Segment Open

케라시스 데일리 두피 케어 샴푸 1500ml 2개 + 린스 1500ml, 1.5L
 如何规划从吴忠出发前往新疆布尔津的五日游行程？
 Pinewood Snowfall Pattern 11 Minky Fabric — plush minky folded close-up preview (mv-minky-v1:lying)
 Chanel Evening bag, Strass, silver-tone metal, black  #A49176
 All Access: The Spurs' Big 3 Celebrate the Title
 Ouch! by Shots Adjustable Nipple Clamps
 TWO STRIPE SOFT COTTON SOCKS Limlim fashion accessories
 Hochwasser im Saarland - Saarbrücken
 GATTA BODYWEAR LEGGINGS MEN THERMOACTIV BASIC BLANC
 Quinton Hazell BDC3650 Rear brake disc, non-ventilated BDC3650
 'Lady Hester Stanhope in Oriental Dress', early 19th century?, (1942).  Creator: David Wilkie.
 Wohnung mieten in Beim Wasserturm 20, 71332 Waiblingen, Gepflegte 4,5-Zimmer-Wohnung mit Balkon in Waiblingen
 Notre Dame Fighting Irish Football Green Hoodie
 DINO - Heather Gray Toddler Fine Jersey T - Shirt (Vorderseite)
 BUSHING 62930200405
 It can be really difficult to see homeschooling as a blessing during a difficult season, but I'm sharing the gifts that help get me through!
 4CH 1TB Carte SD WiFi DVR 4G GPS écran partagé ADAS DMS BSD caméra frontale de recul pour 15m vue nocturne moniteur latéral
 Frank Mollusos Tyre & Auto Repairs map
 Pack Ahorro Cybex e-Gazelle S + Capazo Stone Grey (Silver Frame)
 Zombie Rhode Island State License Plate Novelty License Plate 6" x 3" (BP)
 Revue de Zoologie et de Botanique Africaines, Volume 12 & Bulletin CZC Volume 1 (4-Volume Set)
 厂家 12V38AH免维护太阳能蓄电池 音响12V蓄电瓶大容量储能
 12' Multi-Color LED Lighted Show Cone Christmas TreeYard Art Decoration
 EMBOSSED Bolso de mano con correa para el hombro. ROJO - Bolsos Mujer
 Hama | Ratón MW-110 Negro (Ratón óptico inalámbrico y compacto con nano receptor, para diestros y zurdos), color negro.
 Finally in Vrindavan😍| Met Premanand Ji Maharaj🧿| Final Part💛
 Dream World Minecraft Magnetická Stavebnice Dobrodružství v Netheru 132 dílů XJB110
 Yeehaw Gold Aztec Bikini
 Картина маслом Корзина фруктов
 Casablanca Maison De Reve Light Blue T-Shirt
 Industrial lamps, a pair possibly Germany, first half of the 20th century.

Segment Closed

Instructions to follow: When you come to the line containing "Notre Dame Fighting", give it and stop; before that, repeat each line of the material exactly from the first one.

Result of the task:
케라시스 데일리 두피 케어 샴푸 1500ml 2개 + 린스 1500ml, 1.5L
 如何规划从吴忠出发前往新疆布尔津的五日游行程？
 Pinewood Snowfall Pattern 11 Minky Fabric — plush minky folded close-up preview (mv-minky-v1:lying)
 Chanel Evening bag, Strass, silver-tone metal, black  #A49176
 All Access: The Spurs' Big 3 Celebrate the Title
 Ouch! by Shots Adjustable Nipple Clamps
 TWO STRIPE SOFT COTTON SOCKS Limlim fashion accessories
 Hochwasser im Saarland - Saarbrücken
 GATTA BODYWEAR LEGGINGS MEN THERMOACTIV BASIC BLANC
 Quinton Hazell BDC3650 Rear brake disc, non-ventilated BDC3650
 'Lady Hester Stanhope in Oriental Dress', early 19th century?, (1942).  Creator: David Wilkie.
 Wohnung mieten in Beim Wasserturm 20, 71332 Waiblingen, Gepflegte 4,5-Zimmer-Wohnung mit Balkon in Waiblingen
 Notre Dame Fighting Irish Football Green Hoodie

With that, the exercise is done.